### What is expected:
Print all the records below, word for word and in full.

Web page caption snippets
──────────
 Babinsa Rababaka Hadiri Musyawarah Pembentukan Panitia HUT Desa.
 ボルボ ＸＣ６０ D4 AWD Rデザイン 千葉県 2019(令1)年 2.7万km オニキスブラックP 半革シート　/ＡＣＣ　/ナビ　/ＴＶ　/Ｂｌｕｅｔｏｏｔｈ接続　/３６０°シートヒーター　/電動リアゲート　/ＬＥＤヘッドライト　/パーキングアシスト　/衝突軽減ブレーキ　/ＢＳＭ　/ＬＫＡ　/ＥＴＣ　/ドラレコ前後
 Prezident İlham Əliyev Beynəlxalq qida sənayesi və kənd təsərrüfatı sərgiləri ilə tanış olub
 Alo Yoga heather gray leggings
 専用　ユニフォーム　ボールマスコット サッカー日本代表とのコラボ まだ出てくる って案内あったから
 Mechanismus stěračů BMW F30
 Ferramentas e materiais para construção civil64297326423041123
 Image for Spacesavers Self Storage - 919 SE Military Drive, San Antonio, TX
──────────
### Task solution:
 Babinsa Rababaka Hadiri Musyawarah Pembentukan Panitia HUT Desa.
 ボルボ ＸＣ６０ D4 AWD Rデザイン 千葉県 2019(令1)年 2.7万km オニキスブラックP 半革シート　/ＡＣＣ　/ナビ　/ＴＶ　/Ｂｌｕｅｔｏｏｔｈ接続　/３６０°シートヒーター　/電動リアゲート　/ＬＥＤヘッドライト　/パーキングアシスト　/衝突軽減ブレーキ　/ＢＳＭ　/ＬＫＡ　/ＥＴＣ　/ドラレコ前後
 Prezident İlham Əliyev Beynəlxalq qida sənayesi və kənd təsərrüfatı sərgiləri ilə tanış olub
 Alo Yoga heather gray leggings
 専用　ユニフォーム　ボールマスコット サッカー日本代表とのコラボ まだ出てくる って案内あったから
 Mechanismus stěračů BMW F30
 Ferramentas e materiais para construção civil64297326423041123
 Image for Spacesavers Self Storage - 919 SE Military Drive, San Antonio, TX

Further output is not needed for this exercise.